DATA PROVIDED |
______

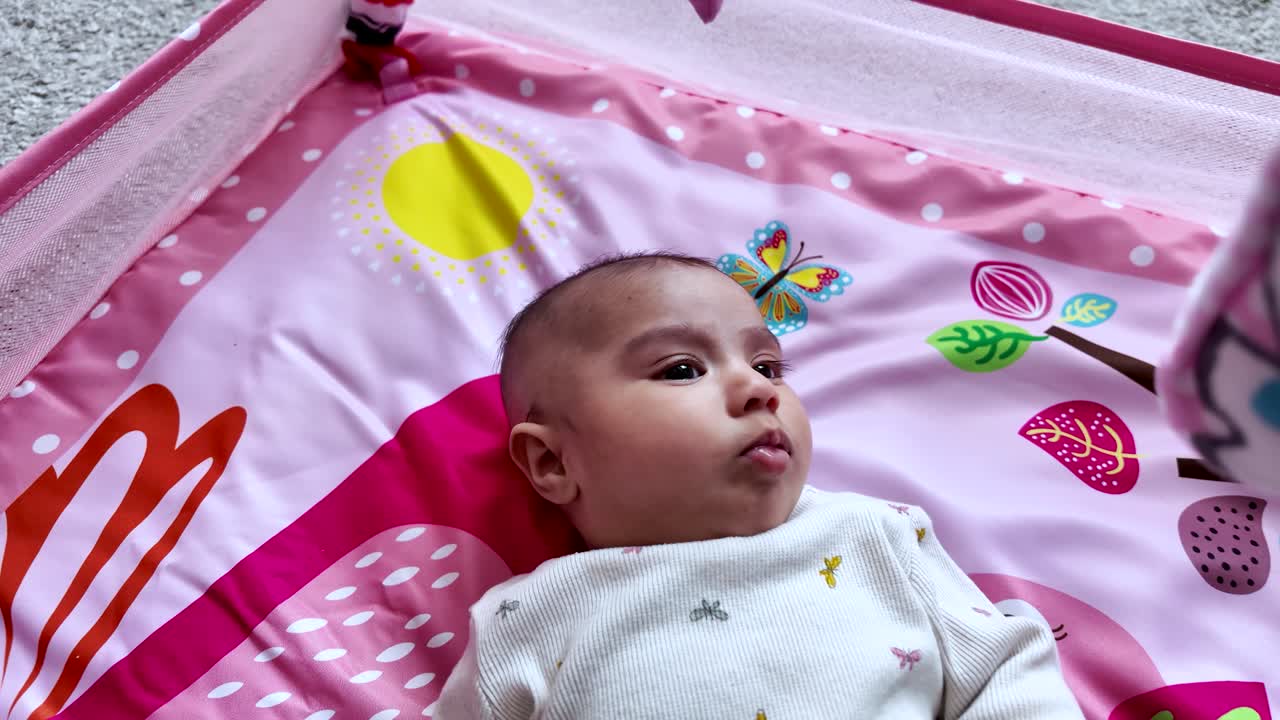 Three month old baby girl lies on a pink play mat, enjoying her playtime. slow motion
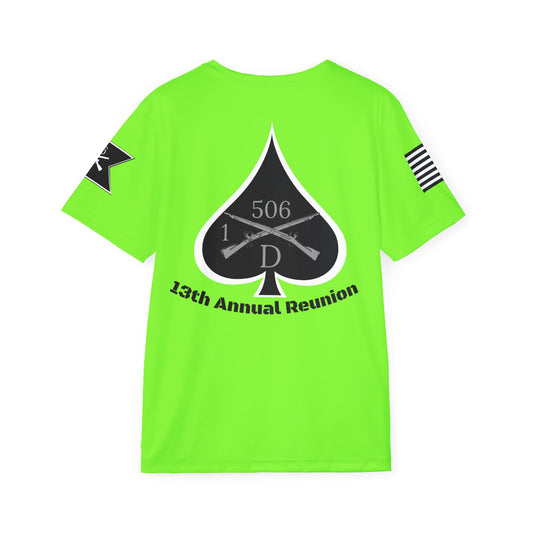 Green t-shirt with black graphic design and text on a white background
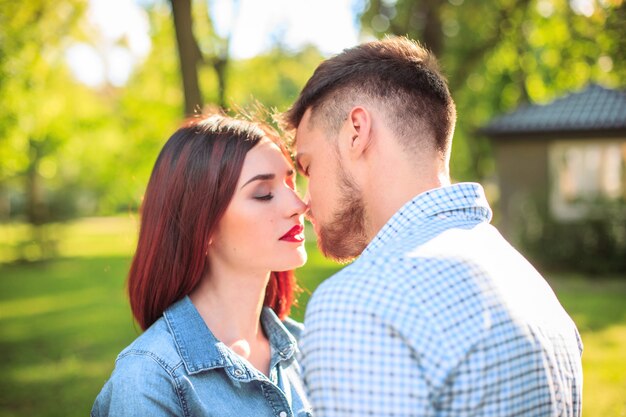 Feliz pareja joven en el parque de pie y riendo en el brillante día soleado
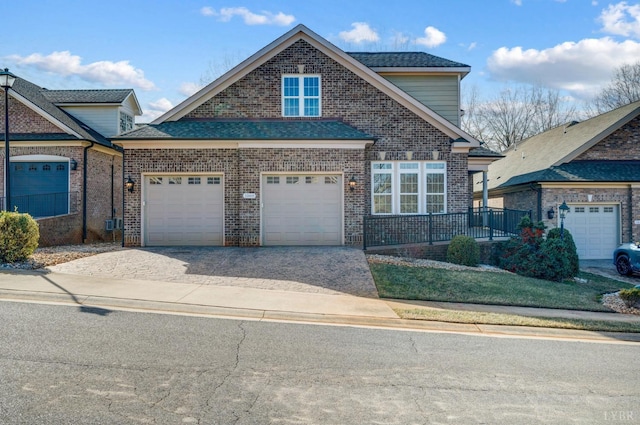 1060 Governors Ln, Forest, VA 24551 - traditional home featuring driveway, brick siding, an attached garage, and a shingled roof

______

ACTIVITY | Without the pictures, retype exactly the lines from the one that holds "Green t-shirt with" to the last line of the data above, both of them included.

ANSWER TO THE EXERCISE |
 Green t-shirt with black graphic design and text on a white background
 Feliz pareja joven en el parque de pie y riendo en el brillante día soleado
 1060 Governors Ln, Forest, VA 24551 - traditional home featuring driveway, brick siding, an attached garage, and a shingled roof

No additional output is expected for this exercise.